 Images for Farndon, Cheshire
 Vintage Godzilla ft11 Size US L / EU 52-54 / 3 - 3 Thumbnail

==

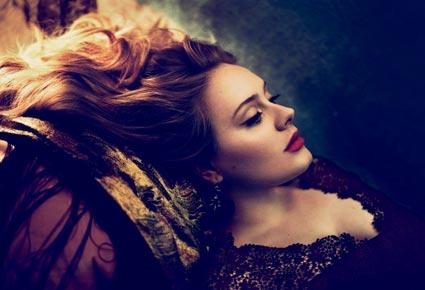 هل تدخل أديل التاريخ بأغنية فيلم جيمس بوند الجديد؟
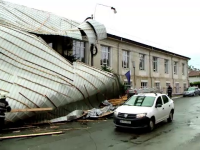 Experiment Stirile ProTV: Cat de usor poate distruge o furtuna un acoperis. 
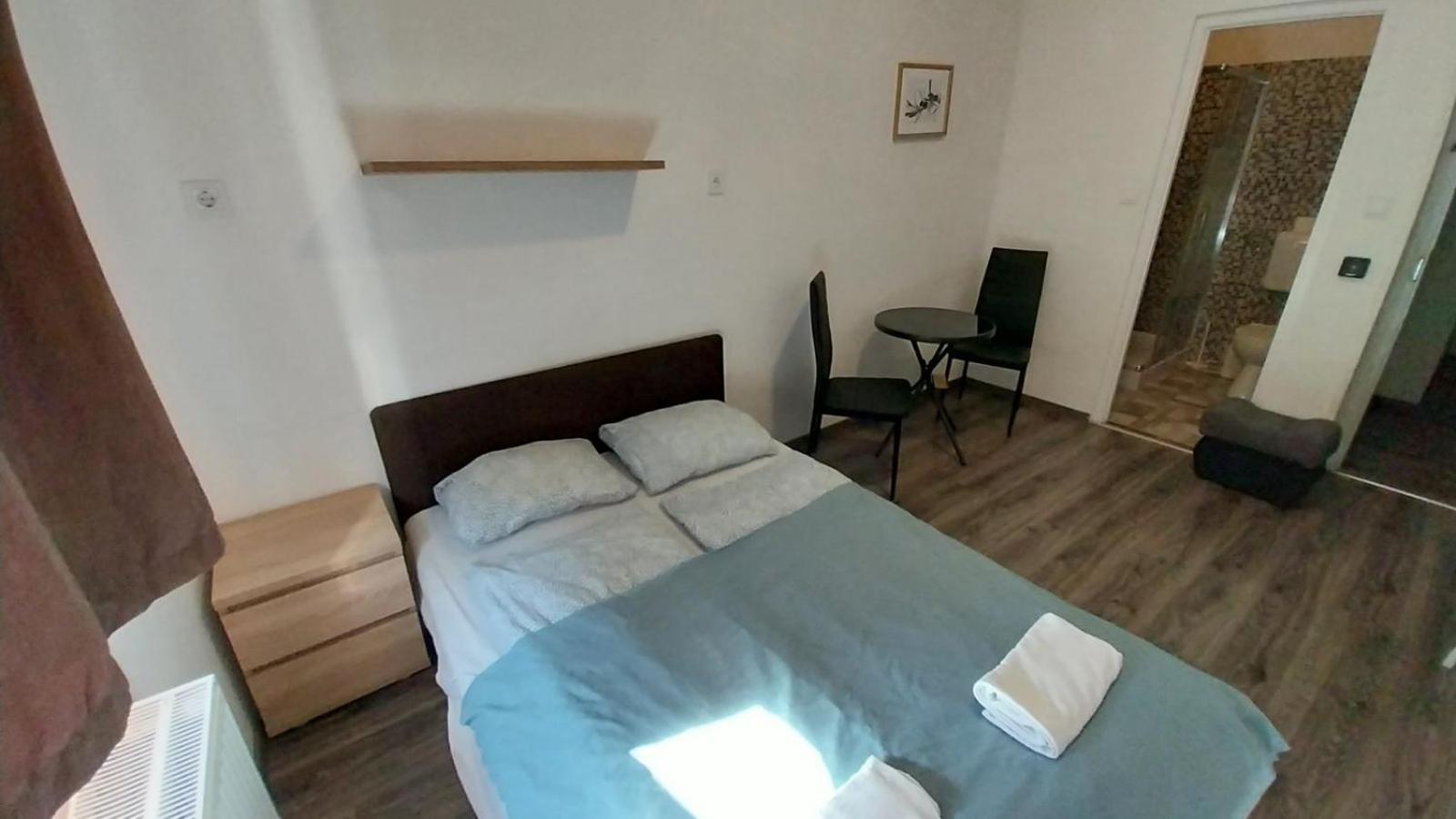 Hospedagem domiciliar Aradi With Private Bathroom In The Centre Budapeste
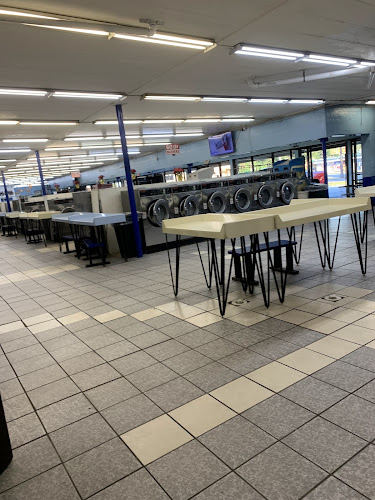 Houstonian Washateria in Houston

→ Instructions for the task
Find where the line with "Experiment Stirile ProTV: Cat" sits in the material above and where the line with "Houstonian Washateria in Houston" sits. Set down exactly the lines from the first to the second, both included and nothing else, without pictures.

→ Exercise output
 Experiment Stirile ProTV: Cat de usor poate distruge o furtuna un acoperis. 
 Hospedagem domiciliar Aradi With Private Bathroom In The Centre Budapeste
 Houstonian Washateria in Houston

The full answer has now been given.